Can You Actually Pay the Bills as a DPC Doctor? Here's What the Numbers Show in 2026.
Before a physician opens a DPC practice, they almost always ask the same question: can I actually pay my bills?
It’s not a cynical question. It’s the right one. The fee-for-service system, for all its problems, at least has a predictable logic — see more patients, bill more claims, collect more money. DPC asks physicians to trade that system for something that looks simpler on paper but requires real trust in a model most of them have never run.
Medical Economics dedicated its May 12 digital issue entirely to DPC, including a feature in which four practicing physicians describe what happened after they made the switch — and a short in which Kelsey Smith, MD, president of the Direct Primary Care Alliance and founder of Pioneer Health Direct Primary Care in Stillwater, Oklahoma, specifically addresses whether DPC is financially viable.
The question doesn’t get more credible spokespeople than that. Here’s what the 2026 data shows.
The Core Financial Math
DPC’s financial model is built on one premise: fewer patients paying a flat monthly fee equals more predictable income than thousands of patients billing unpredictably through insurance.

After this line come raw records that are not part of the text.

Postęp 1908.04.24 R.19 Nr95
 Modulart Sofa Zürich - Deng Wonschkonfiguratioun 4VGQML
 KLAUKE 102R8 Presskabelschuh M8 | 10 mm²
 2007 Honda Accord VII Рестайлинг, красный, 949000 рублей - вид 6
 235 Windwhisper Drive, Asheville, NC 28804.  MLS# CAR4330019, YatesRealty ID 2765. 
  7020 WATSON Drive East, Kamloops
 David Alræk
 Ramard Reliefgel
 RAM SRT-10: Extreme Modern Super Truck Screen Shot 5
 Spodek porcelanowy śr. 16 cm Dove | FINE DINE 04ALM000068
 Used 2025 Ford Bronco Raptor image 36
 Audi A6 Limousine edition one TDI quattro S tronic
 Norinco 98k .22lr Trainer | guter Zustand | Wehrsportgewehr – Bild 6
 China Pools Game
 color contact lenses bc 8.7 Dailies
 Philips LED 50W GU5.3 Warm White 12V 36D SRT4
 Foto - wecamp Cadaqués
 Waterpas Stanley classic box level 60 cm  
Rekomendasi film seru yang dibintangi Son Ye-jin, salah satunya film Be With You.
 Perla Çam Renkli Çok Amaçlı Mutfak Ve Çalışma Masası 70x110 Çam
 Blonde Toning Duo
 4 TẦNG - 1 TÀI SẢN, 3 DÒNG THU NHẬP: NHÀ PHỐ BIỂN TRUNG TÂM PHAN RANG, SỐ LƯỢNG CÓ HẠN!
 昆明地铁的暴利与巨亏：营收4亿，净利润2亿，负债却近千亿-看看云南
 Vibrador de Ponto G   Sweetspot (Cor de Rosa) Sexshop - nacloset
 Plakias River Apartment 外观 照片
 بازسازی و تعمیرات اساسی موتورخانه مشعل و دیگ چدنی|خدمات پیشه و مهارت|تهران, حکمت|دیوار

The numbers behind that model have been documented in detail by Hint Health’s 2026 DPC Trends Report, which drew on data from more than 2,700 DPC clinicians and 1.4 million members. A few figures stand out:
Employer-sponsored DPC rates have held within a $55–$65 per-month range for five consecutive years. That’s pricing stability that most sectors of healthcare can’t claim. It means a practice with 500 employer-sponsored members has a predictable monthly revenue floor it can plan around.
The average DPC panel size is around 500 patients, compared to roughly 2,500 in a traditional fee-for-service practice. The math of 500 members paying $70–$100 per month in individual memberships adds up quickly — and without the billing overhead, prior authorization fights, or collections lag that erodes fee-for-service margins.
For the first time ever, employers now fund the majority of active DPC memberships — 60% as of 2026. That’s not just a growth trend. It means the pipeline filling DPC practices is increasingly institutional rather than dependent on individual patient marketing alone.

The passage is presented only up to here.